Thank you Silvia very useful u rock but I have still a long way to understand it and again THANK YOU SO MUCH
Hi Silvia,
I have one point not clear, i a parent company has minority interests in a subsidiary (30%) but responsible for managing this subsidiary (due to know how), can this Parent company consolidate this subsidiary results in its financials?
Hi Ehab, as soon as the know how gives control to the parent (that’s up to you to assess), then yes, consolidation is necessary despite 30% share. In this case, your non-controlling interest will be 70%.
Hello,
If a seaports expands it operations by investing and operating a dryport. Is segment reporting required for the seaport and dryport.
The key management and staff are the same.

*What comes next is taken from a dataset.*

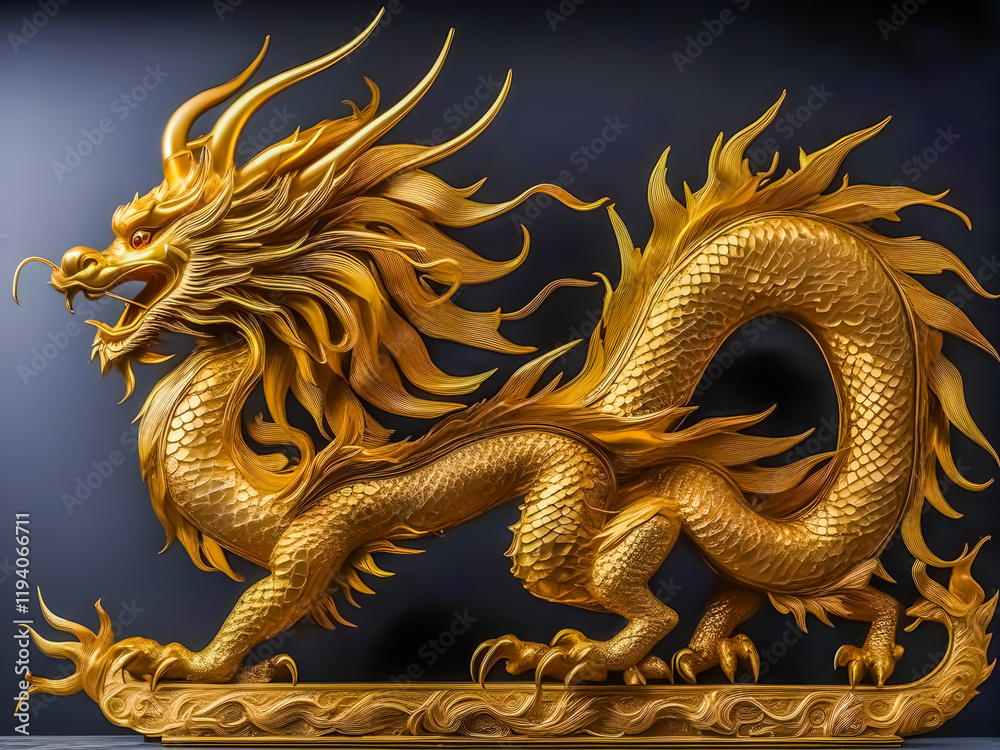 Fototapeta premium Golden dragon dynamically positioned on a black background. Emphasize powerful and elegant style. And its ferocious expression conveys the essence of a dragon.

Staff are rotated and equipment deployed from seaport to dryport depending on the volume demand. core services and billing are performed at the seaport and while some core services such as additional storage and additional handling is performed at the dryport.
The additional revenue at the dryport is 10% of the total revenue
Hi, evening. A holding company (USD currency) with a foreign subsidiary (SGD currency), so first step is to convert foreign subsidiary financial statement to local currency, then consol the figures with local holding company, then follow by eliminate of interco transactions, i.e. investing in subsidary , holding currency was USD100k , but in subsidiary books , share capital held by holding was SGD135k , but when it converted to USD currency based on the year end rate it become USD98,765 , so when do the elimination, there will have a different of USD1235, please teach me how to adjust this ? thanks in advance , Silvia
Thanks Silvia, your videos are very interesting and brief
I hope to benefit from you more.
Hai Silvia,
Thanks for the detail information on consolidation. Its very useful tools for auditor like me.
We need your advice on the following situation:
The Holding co has acquired shares in Subsidiary co on 17 April 2014. Few % of shares was purchased earlier on and total share completely transfered as at 17 April 2014 is 52%. The holding co year end is 31.12.2014. Thus in order to calculate pre-acquisition reserves at the date of acquisition, do we need to prorate the subsidiary’s account to daily or monthly basis? i.e. total net asset x 4/12 (if based on monthly)?
Please advice me on this. I’m so confused ;(
Hi Silvia,
Thanks for sharing these articles.
Suppose an investor could demonstrate control over an entity (meet all criteria contractually) but did not prepare consolidated Financial Statements over the years and was not involved with the investee companies and let local management operate and take decisions. Now, after all these years, the same investor wishes to know whether there has been a departure against IFRS 10 and whether he should have consolidated the FS (none of the FS were unaudited).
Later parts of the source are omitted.